Dejamos la vecina ciudad de Swakopmund a la cuenta.
Y contando con el camino como lo había desvelado el final del día anterior, una carretera B2, recta sin fin, casi sin tráfico. Rápidamente nos dimos cuenta de lo equivocados que estábamos.
Nada más cruzar el lecho seco del río Swakop que da nombre a la ciudad, nos sumergimos en una densa y flotante niebla matinal. Cubría la mayor parte del paseo marítimo entre el océano y las dunas que precedieron a la entrega del desierto de Namib al Atlántico.

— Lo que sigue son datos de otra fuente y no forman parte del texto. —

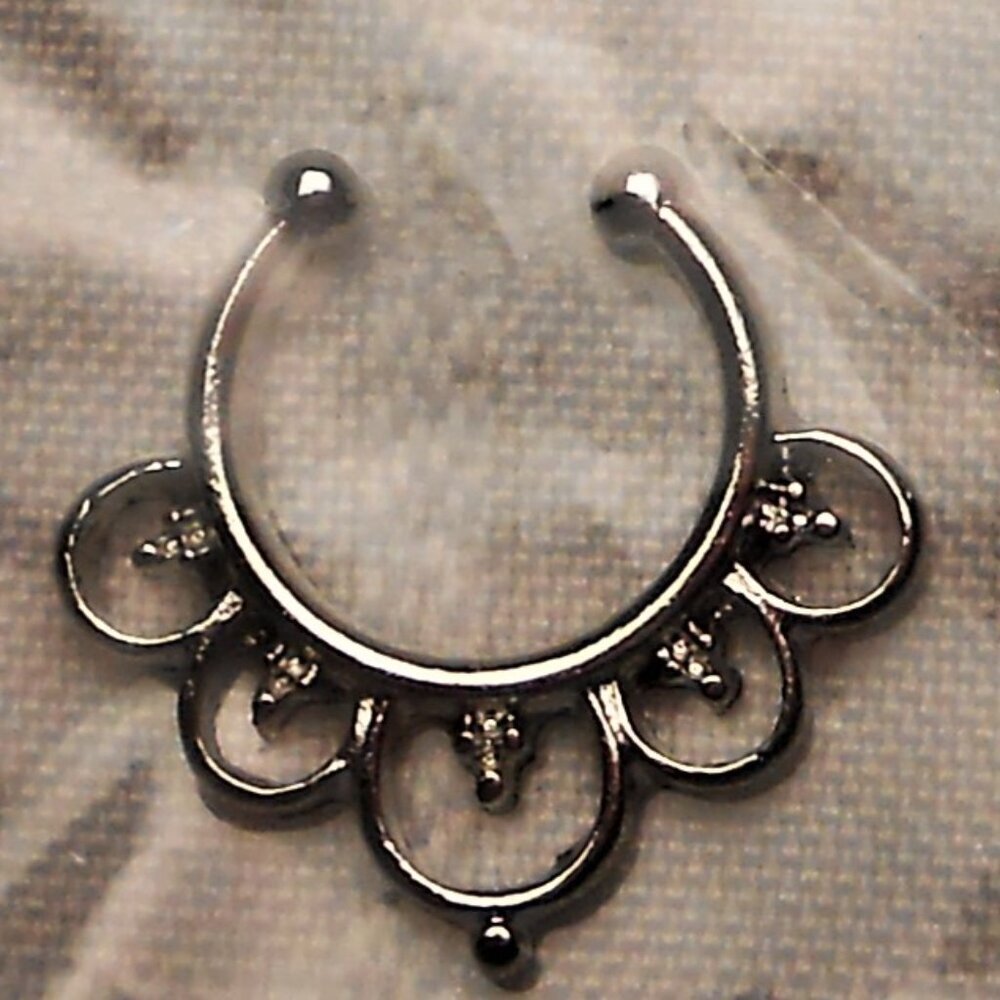 No11- Fake 10mm Septum Ring - new, repackaged, silver color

La niebla colgaba en bolsas sucesivas. Envolvió el asfalto. De vez en cuando, nos dio visiones de escenarios surrealistas de Namibia. Al este del camino, montañas de arena que la casi contraluz convertía en volátiles misterios, hogares de orix, gacelas, hienas pardas que anhelábamos vislumbrar. En el lado opuesto, desde el mar, interminables arenas.
Después de conducir durante casi 20 km, llegamos a la entrada de Langstrand, un refugio junto al mar que aparece de la nada, un grupo de casas prefabricadas, algunas blancas, varias en color, que parecen haber sido ensambladas recientemente a partir de los respectivos kits.
El satélite habitacional de Langstrand está gestionado por Walvis Bay.Tras otros 19km, llegamos al desvío a esta, que era la ciudad de destino.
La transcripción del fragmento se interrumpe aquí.